▶ _Problem to solve_: In the material below, pictures must be dropped. Repeat exactly, and only, the lines from the line with "season 9 episode" to the line with "Kokosplätzchen", both ends included.

▶ _Data excerpts_:
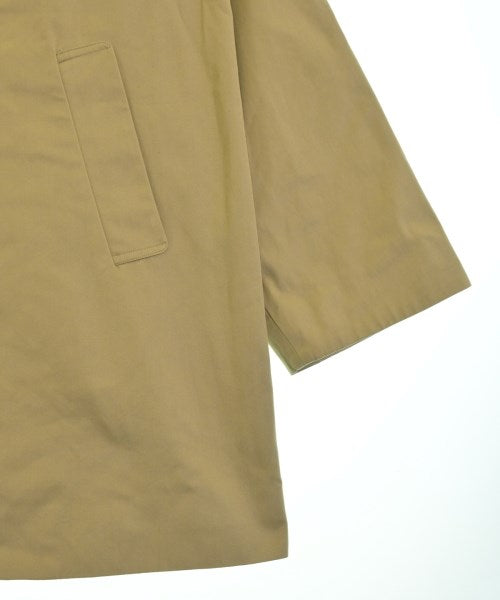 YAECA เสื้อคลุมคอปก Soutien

==

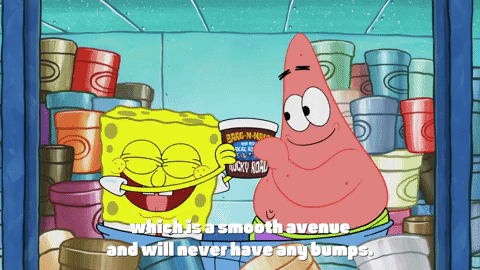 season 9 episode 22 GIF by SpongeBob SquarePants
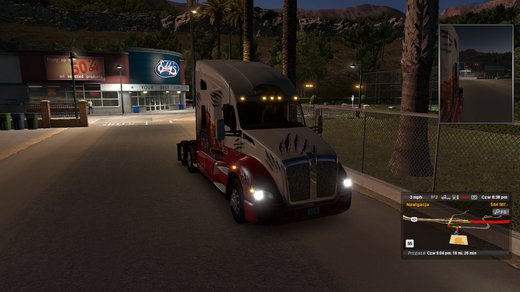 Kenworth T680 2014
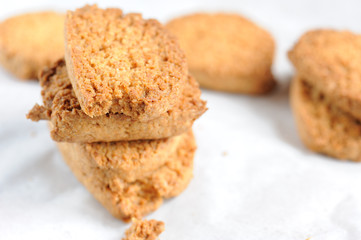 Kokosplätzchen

▶ _Your response_:
 season 9 episode 22 GIF by SpongeBob SquarePants
 Kenworth T680 2014
 Kokosplätzchen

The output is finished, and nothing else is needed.